Medina mixed traditional power and flow on his backhand with a Gorkin flip, that he landed with only his front foot on the rail. With no precedent and the wow factor coming from the cat like recovery rather than the move itself, the judges could have gone anywhere with the score. They went high and few can argue. Florence responded with highly technical surfing and competitive smarts, but didn’t catch the waves he required to manufacture the high score he needed. In that form I’d reckon only a red hot Medina could have matched him. Over the last three days, those two were miles ahead of the rest of the field.

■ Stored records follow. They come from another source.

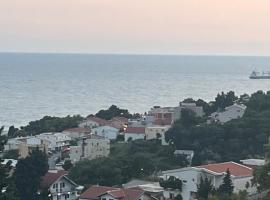 SeaAdrik – hotel w Barze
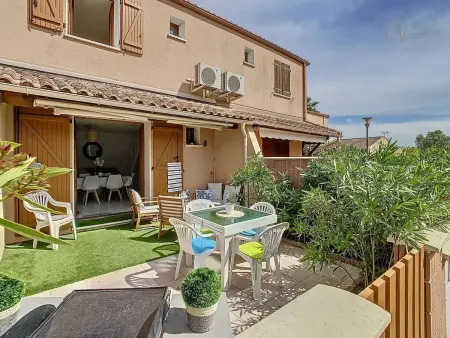 Maison charmante à Vias + Piscine partagée, Maison 5 personnes à Vias - Photo 1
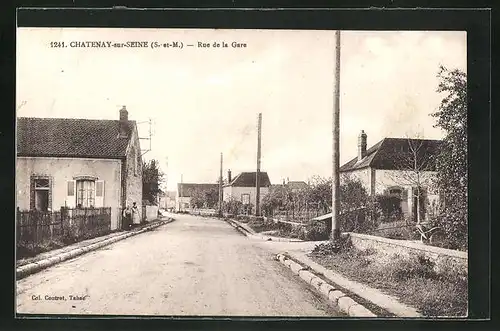 AK Chatenay-sur-Seine, Rue de la Gare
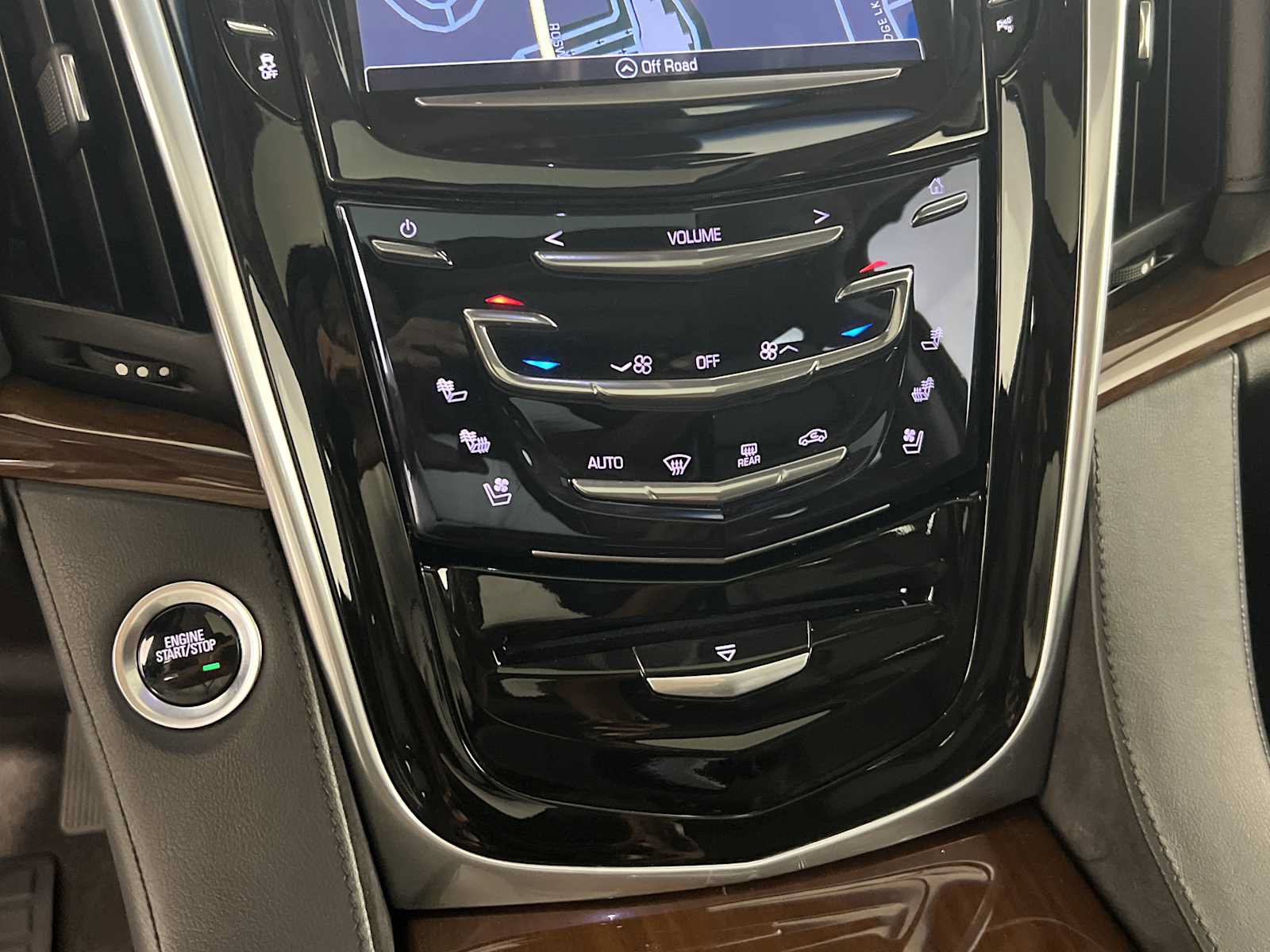 Used 2020 Cadillac Escalade ESV Premium Luxury w/ Escalade Sport Edition RWD image 38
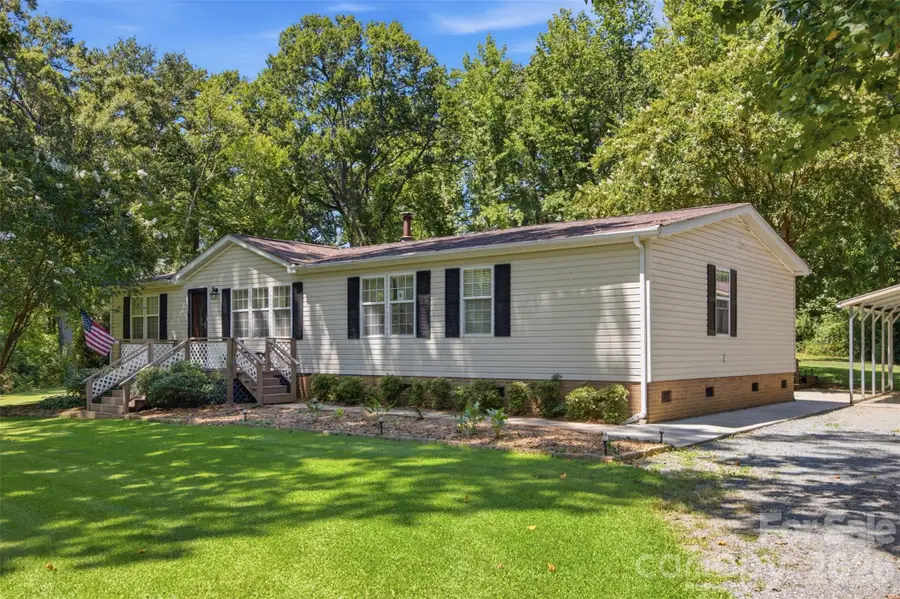 185 Payne Street, Mount Holly, NC 28120 - #3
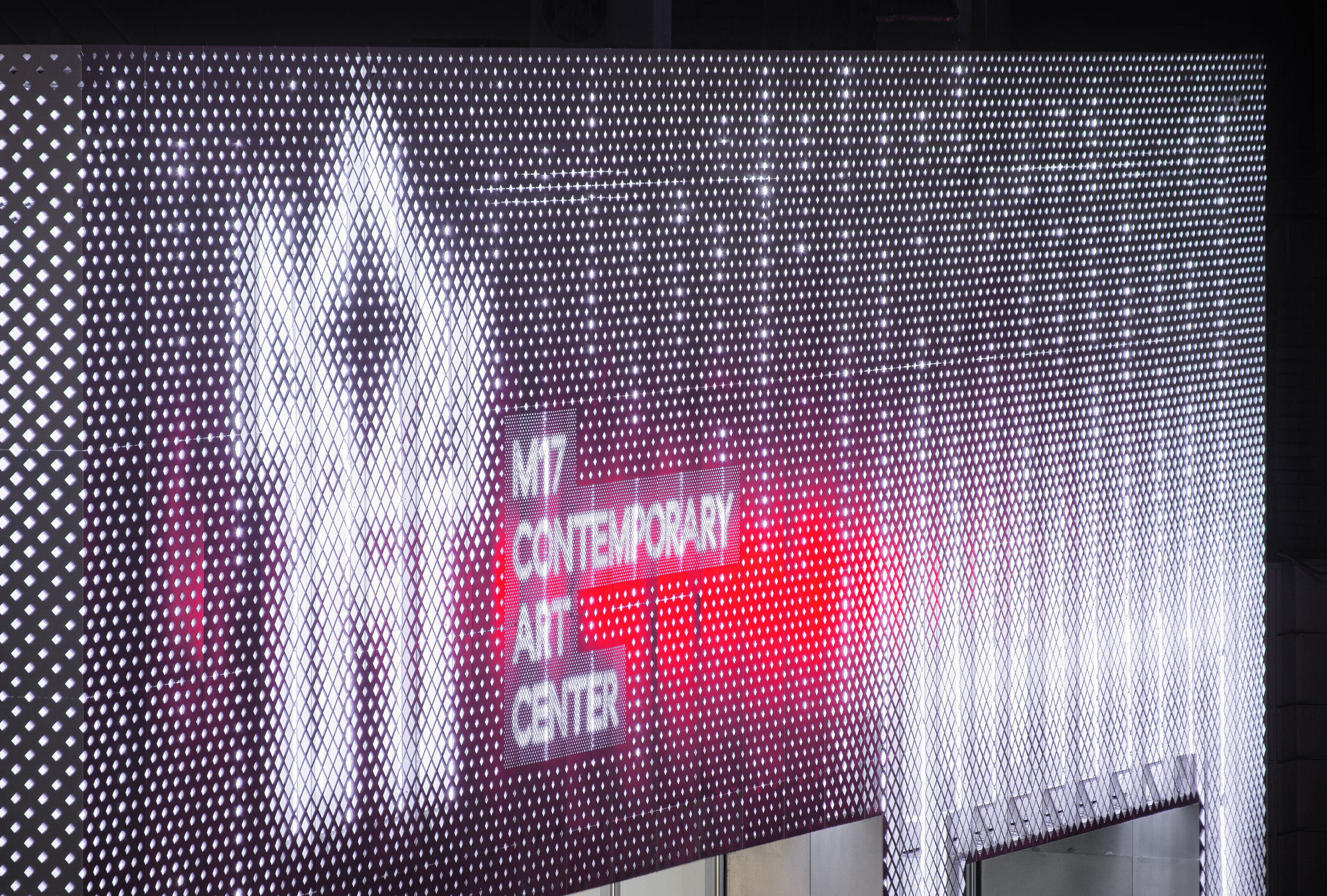 乌克兰 M17 当代艺术中心,现代设计与传统元素的完美融合-28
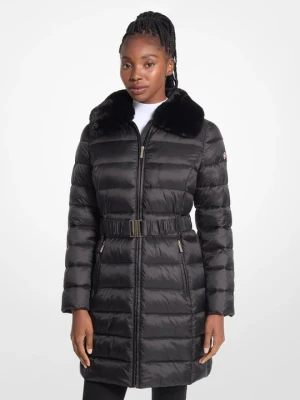 Pikowany płaszcz nylonowy z workiem kompresyjnym Michael Kors CZARNY (Czarny)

With everyone else choking though, it’s still a solid result, giving Florence the No. 1 spot on the Jeep Leaderboard and in my eyes makes him an unbackable favourite for the World Title. He’s making fewer mistakes than the rest, and if Pipe is pumping should be unstoppable. Medina’s win, the eighth surfer to claim a victory out nine events this year, pushed him up to third and gave him a mathematical chance at the title. He’ll need Jordy and John John to suffer an early round loss at either Portugal and Pipe, but if they do, he’ll be lurking, just as he has been lurking around those righthand beachbreak pockets all week.
For the Aussies, it was a huge missed opportunity. It was left to Fanning and Parkinson to show Wilko, Wright and Wilson what can be done if you surf to your strengths. Wheels weren’t being reinvented by the two veterans, if anything they both just made them rounder, but a quarterfinal finish would have been huge for any of those three in contention. Wilko was the unluckiest and all three’s preparation and attitude were spot on, but in France any hopes of an Australian world title faded. I frankly can’t see where the next one will come from. It might be a decade wait at least.
One positive is that there is no respite, with Portugal starting in a week’s time. These three days in France were fairly straight forward, and I can’t see that happening in Portugal. It will be stop start and erratic. Strange things can happen there. Last year Florence wrapped up the title at Supertubes. He can’t do that this time around, but he sure can get a whole lot closer.